EXCLUSIVE — Reform UK has found great success leaning into a British culture and identity that has long lain dormant among the Conservatives and Labour.
A nostalgic “Rule Britannia” spirit pervades the speeches and interviews of Reformers. A light, cheeky monarchism bubbles up to the surface when party members sing “God Save the King” or are asked about the royals. Oceans of Union Jacks, the United Kingdom’s national flag, can be seen in the hands of supporters at outdoor rallies, and the local pub is held with the same patriotic reverence as the National Health Service.
And that cultural confidence may play just as big a role in the party’s success as the Tories’ broken promises or Labour’s entanglements with convicted sex trafficker Jeffrey Epstein.
“Reform has understood something that the major parties, for different reasons, have been reluctant to acknowledge. Love of country is not something to apologize for, and it’s certainly not something I apologize for,” Andrew Rosindell, member of parliament for Romford since 2001, told the Washington Examiner in an exclusive interview.

“For years, overt expressions of national pride were treated as faintly embarrassing or politically suspect in mainstream discourse,” the MP explained. “The Union Jack, our history, even our constitutional monarchy, were often handled defensively rather than with confidence. That created a vacuum — one that many voters felt instinctively, even if they could not articulate it in policy terms.”
Rosindell is among the latest crop of longtime Conservative parliamentarians who have crossed the Rubicon and defected, joining Reform UK last month.
The third-party, led by arch-Eurosceptic Nigel Farage, is enjoying a moment of previously unthinkable success. It is polling at the top of British opinion surveys with 29% — followed in a distant second and third by the mainstream parties, Labour with 19% and Conservatives with 18%.
Policy promises to end mass-migration, deport illegal immigrants, scrap environmental regulations, and roll back progressive ideology in state institutions are widely understood as the backbone of the movement’s success.
Less discussed, however, is Reform UK’s embrace of British nationalism at a time when English flags are being taken down by police and the national government is publishing web games teaching citizens not to protest the “erosion in British values.”
The new right-wing has no qualms about celebrating British history as a narrative of triumph. They find republicanism unpatriotic and embarrassing. And they make sure the public understands they’re proud to prefer a British pub to a trendy cosmopolitan scene.

“That cultural confidence did matter to me,” Rosindell told the Washington Examiner. “A party that is comfortable with Britain as it was, and proud of what it represents, is better placed to govern in the national interest. Policy is extremely important, but so is the spirit in which it is pursued.”

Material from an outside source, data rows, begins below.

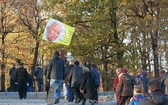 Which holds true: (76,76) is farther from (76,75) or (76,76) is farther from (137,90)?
(137,90)

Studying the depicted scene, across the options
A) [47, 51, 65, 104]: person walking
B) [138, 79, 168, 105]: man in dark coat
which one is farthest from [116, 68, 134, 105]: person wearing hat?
[138, 79, 168, 105]: man in dark coat

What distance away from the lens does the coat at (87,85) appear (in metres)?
15.5

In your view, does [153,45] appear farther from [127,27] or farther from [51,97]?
[51,97]

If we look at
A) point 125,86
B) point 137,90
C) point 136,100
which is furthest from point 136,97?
point 125,86

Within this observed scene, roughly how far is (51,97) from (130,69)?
72.4 feet

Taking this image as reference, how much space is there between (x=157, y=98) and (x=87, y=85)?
9658 mm

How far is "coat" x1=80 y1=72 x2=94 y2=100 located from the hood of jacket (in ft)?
30.8

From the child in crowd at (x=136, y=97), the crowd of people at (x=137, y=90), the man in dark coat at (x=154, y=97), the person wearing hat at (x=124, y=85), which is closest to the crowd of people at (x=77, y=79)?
the crowd of people at (x=137, y=90)

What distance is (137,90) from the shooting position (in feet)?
32.8

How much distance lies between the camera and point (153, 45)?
36.4 metres

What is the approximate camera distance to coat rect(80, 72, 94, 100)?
15.5 m

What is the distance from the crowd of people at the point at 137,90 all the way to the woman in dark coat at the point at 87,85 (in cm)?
92

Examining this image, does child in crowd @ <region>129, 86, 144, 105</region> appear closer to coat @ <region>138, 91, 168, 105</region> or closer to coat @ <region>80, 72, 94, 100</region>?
coat @ <region>138, 91, 168, 105</region>

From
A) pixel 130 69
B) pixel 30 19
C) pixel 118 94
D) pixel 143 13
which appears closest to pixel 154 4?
pixel 143 13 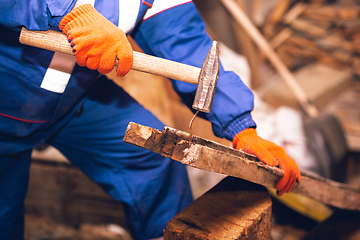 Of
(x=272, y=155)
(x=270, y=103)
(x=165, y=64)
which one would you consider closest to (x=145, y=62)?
(x=165, y=64)

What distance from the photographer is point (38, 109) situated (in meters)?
1.17

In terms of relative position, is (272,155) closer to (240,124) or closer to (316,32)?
(240,124)

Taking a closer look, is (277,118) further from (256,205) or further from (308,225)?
(256,205)

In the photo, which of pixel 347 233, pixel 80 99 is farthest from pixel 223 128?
pixel 347 233

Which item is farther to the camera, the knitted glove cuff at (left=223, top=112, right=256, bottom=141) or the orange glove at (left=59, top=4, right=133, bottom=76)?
the knitted glove cuff at (left=223, top=112, right=256, bottom=141)

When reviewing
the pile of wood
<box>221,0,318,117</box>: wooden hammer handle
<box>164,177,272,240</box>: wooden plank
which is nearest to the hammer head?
<box>164,177,272,240</box>: wooden plank

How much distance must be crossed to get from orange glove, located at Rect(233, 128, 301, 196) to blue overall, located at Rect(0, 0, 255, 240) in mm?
54

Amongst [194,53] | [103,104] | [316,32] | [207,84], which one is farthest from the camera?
[316,32]

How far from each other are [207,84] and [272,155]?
41cm

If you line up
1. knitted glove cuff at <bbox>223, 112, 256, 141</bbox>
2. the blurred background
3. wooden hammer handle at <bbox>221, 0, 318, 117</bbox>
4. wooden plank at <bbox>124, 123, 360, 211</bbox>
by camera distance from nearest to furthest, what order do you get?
wooden plank at <bbox>124, 123, 360, 211</bbox>, knitted glove cuff at <bbox>223, 112, 256, 141</bbox>, the blurred background, wooden hammer handle at <bbox>221, 0, 318, 117</bbox>

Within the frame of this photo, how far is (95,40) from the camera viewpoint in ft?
3.07

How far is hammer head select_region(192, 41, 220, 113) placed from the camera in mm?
947

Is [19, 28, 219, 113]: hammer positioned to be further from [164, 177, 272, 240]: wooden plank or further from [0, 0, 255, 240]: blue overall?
[164, 177, 272, 240]: wooden plank

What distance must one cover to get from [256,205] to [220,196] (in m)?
0.14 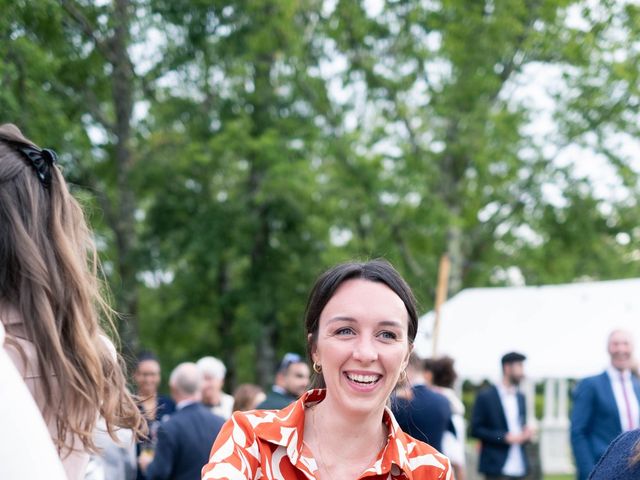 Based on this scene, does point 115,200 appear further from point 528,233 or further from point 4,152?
point 4,152

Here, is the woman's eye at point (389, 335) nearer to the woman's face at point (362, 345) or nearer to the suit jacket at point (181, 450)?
the woman's face at point (362, 345)

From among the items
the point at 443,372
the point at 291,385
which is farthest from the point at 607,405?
the point at 291,385

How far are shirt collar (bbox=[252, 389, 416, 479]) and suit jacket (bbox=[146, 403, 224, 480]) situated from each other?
5.17 m

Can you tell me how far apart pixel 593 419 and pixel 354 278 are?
269 inches

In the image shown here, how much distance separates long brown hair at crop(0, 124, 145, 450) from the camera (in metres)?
2.26

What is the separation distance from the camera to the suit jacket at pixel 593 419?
29.8 feet

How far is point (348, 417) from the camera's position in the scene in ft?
9.07

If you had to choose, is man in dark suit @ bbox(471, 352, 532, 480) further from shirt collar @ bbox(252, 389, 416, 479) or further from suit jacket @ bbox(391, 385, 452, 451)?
shirt collar @ bbox(252, 389, 416, 479)

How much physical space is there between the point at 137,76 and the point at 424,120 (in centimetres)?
600

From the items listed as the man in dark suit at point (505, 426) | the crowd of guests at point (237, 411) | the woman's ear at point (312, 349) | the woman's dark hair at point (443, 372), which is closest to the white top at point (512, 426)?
the man in dark suit at point (505, 426)

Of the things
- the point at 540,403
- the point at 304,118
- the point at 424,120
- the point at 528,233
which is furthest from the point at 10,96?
the point at 540,403

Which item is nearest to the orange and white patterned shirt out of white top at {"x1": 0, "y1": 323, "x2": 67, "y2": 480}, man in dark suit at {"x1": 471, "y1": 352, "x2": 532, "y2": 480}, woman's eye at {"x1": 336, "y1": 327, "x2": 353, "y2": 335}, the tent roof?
woman's eye at {"x1": 336, "y1": 327, "x2": 353, "y2": 335}

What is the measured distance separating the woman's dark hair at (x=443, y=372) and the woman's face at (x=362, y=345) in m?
7.88

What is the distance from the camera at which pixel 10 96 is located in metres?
13.1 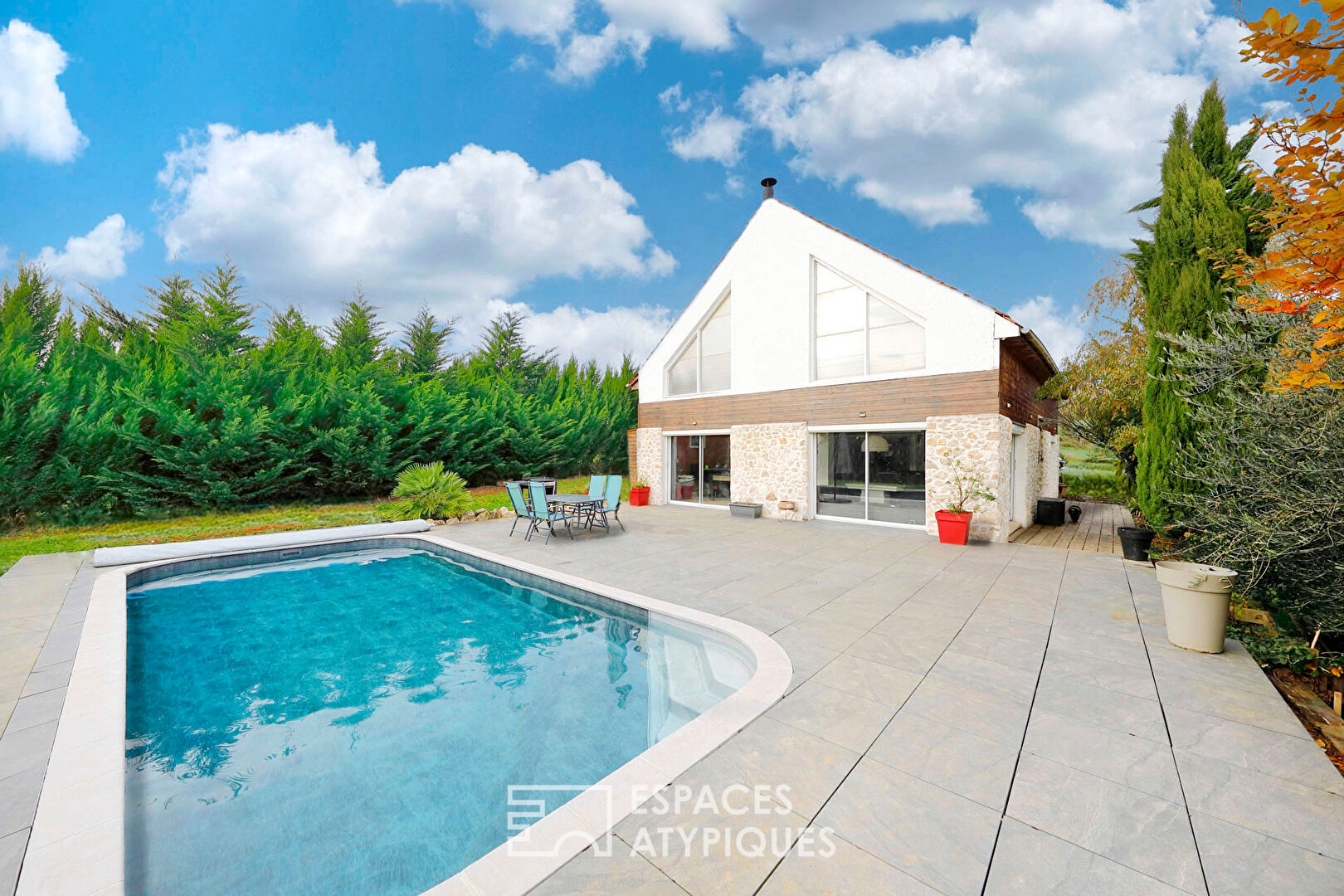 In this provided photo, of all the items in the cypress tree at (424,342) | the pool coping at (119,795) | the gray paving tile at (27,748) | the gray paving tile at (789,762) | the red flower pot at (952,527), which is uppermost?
the cypress tree at (424,342)

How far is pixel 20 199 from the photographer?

Farage’s old-school sense of Britishness, which broke out of the political sphere and into mainstream pop culture with his appearance on I’m a Celebrity…Get Me Out of Here! in 2023, has been linked to Reform’s rise.
On the show, Farage made frequent quips touting British excellence, such as when he scolded his fellow contestants who had not awoke with him at the crack of dawn — “Right, come on, up you go. We didn’t win the biggest empire the world has ever seen laying around in bed, did we?”
That bombastic, sentimental, and quasi-traditional passion for all things British often spills over into the fringes of Reform policy-shaping, as on Tuesday, when Farage promised a slew of tax cuts with an aim to “save British pubs,” and his political ally transformed the topic into a question of civilizational erasure.
“The loss of one pub is not just the loss of livelihood for a landlord, or the loss of a local employment hub. The loss of one pub is a loss to all of us as inheritors of a tradition dating back to Roman rule,” Reform MP Lee Anderson rhapsodized.
Thomas Skinner — a small business owner turned reality TV star and social media influencer — is a prominent example of this cross-section between patriotism and sentimentality. He brought his almost anachronistic “barrow boy” persona to the party earlier this year.
“Do you know what I want to see, as well? Someone with a little bit of confidence and a little bit of ‘I’m proud of this country, let’s back it.’ Right now, everyone’s a little bit nervous what to say, and scared, I suppose, to be a little politically correct and scared of upsetting someone,” Skinner told right-wing GB News, where Nigel Farage has been a host. “I’m a patriot — I love our country, I love our people.”
Skinner runs multiple small businesses and speaks in a thick cockney accent. He frequently films himself seated at his favorite pubs, where he waxes poetic about whatever British cuisine he has ordered — a full English breakfast, a shepherd’s pie — and makes a recurring joke of pouring his gravy without looking “because [he’s] the absolute guv’na.” He often finishes his videos and posts with an emphatic “BOSH!”
“We are the best country in the world, and we’ve sort of lost our identity a little bit,” he complained to GB News.
One wonders if all the effort to appeal to voters is even necessary, as Reform’s primary adversaries, the Labour Party, are self-immolating.
Lord Peter Mandelson, the former British ambassador to the United States, has been found to have divulged sensitive government information to Epstein multiple times over years of correspondence.
U.K. Prime Minister Keir Starmer has admitted that the government’s vetting of Mandelson did uncover that he maintained communications with the disgraced financier, but has claimed that the former ambassador materially misrepresented their relationship.
STARMER APOLOGIZES TO EPSTEIN VICTIMS FOR APPOINTING MANDELSON AS AMBASSADOR
“This involves sex, it involves money, it involves the royal family. It involves the leaking of market-sensitive, confidential information,” Farage said of the scandal. “This is the biggest scandal in British politics for over one century.”
“I don’t know how long Starmer will last as PM,” he added. “Indeed, I’m very worried about it. I want him to stay forever.”